A well behaved case is when, say, $X=[0,1]$, $Y=\mathbb{R}$ with the usual topology. Then $C(X,Y)$ is a complete, separable metric space when endowed with the uniform metric and the evaluation function is continuous, hence measurable when $C(X,Y)$ is endowed with the Borel sigma-algebra. The discrete sigma-algebra is even larger, so the evaluation is certainly measurable in this case.

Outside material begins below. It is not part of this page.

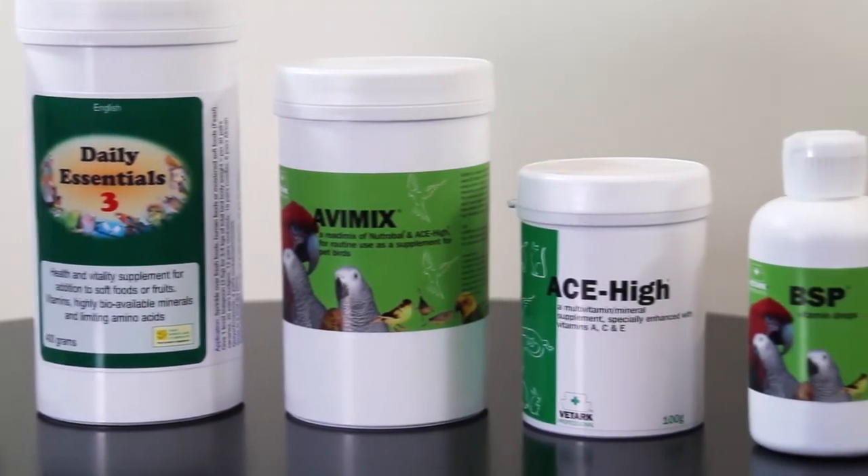Hello, I'm David from Northern Parrots. Today we're looking at vitamins and minerals and the role that they can play in helping to keep your beaky body healthy. Vitamins and minerals come in a variety of formats including powdered, water-soluble and treat-based. This means they can easily be added to your parrot's food or drinking water.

Now let $X=Y$ be discrete topological spaces with cardinality larger than the continuum. Let $y\in Y$. We show that $e^{-1}(\{y\})$ is not in the product-sigma-algebra. Suppose it is. By the first two lemmata here, $e^{-1}(\{y\})$ has to be the union of continuum many product sets of the form $F'\times X'$, $F\subseteq Y^X$ and $X'\subseteq X$. For such a product set, we have that every $f\in F'$ is constant and equal to $y$ on $X'$. W.l.o.g. we can assume that none of the $X'$ is empty or equal to $X$. So we can construct an $X''\subseteq X$ such that $X''$ intersects every $X'$ and every $(X')^C$. Let $F''=\{f\in Y^X:f(x)=y\text{ iff }x\in X''\}$. Then $F''\times X''\subseteq e^{-1}(\{y\})$ but $F''\times X''$ is not a subset of $\bigcup F'\times X'$.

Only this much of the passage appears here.